Assigned task: When you reach the line with "6-12 months Male Purebred Lhasa Apso" in the records below, begin transcribing exactly and continue up to and including the line with "Image of lodgepole chipmunk", leaving out every picture.

Available data:
# # # # #

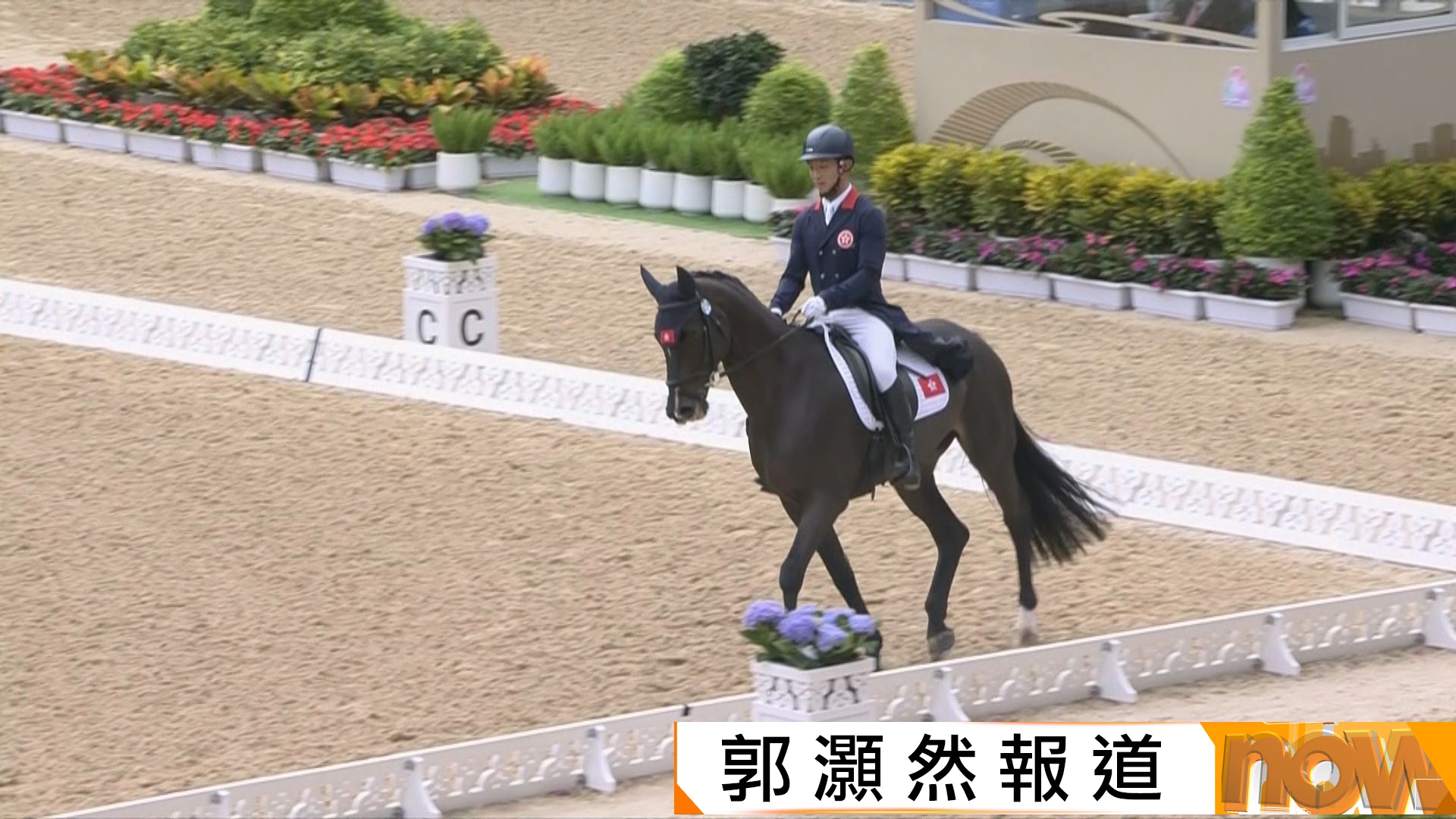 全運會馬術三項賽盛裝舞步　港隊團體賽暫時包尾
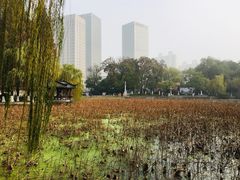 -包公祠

# # # # #

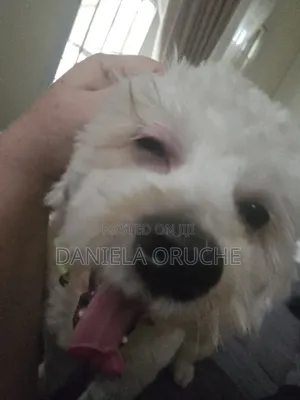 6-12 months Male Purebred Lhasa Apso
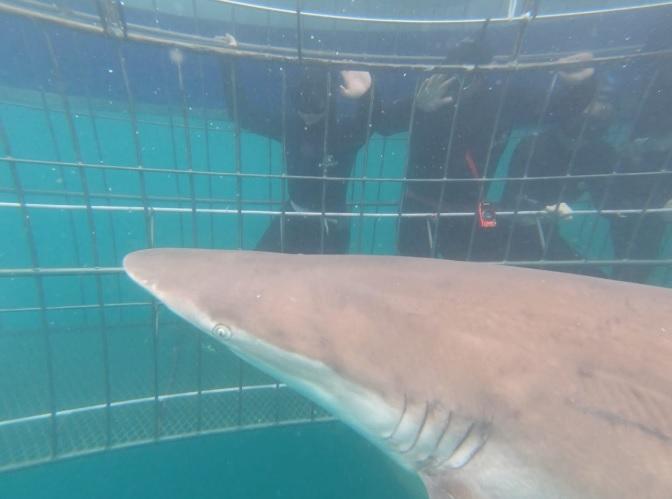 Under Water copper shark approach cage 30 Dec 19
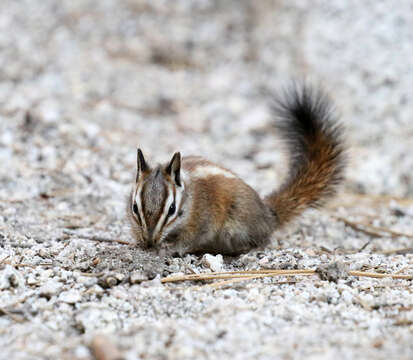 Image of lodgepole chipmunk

# # # # #

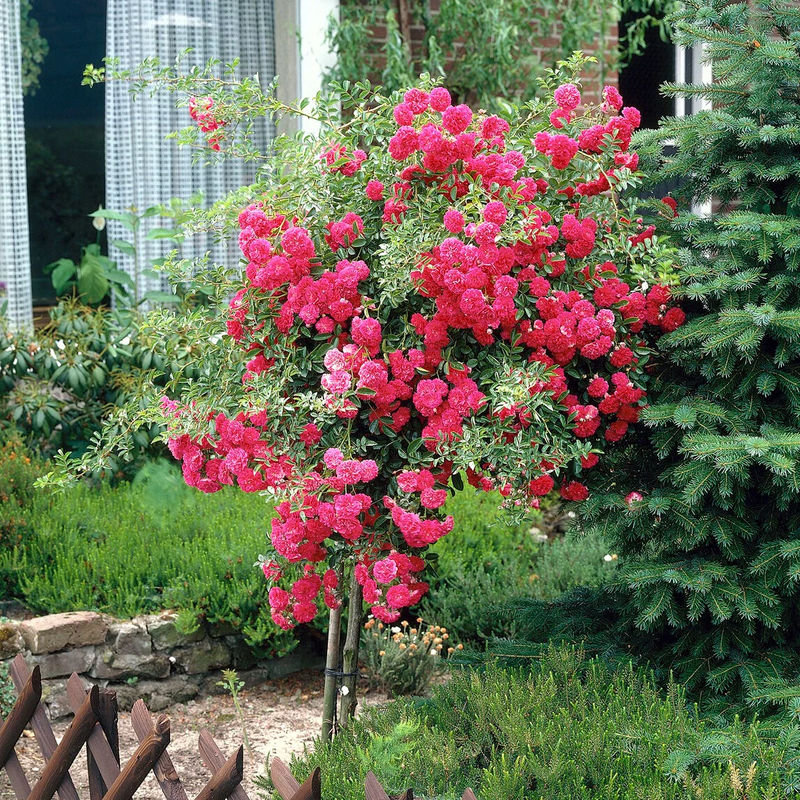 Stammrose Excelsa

# # # # #

Task result:
 6-12 months Male Purebred Lhasa Apso
 Under Water copper shark approach cage 30 Dec 19
 Image of lodgepole chipmunk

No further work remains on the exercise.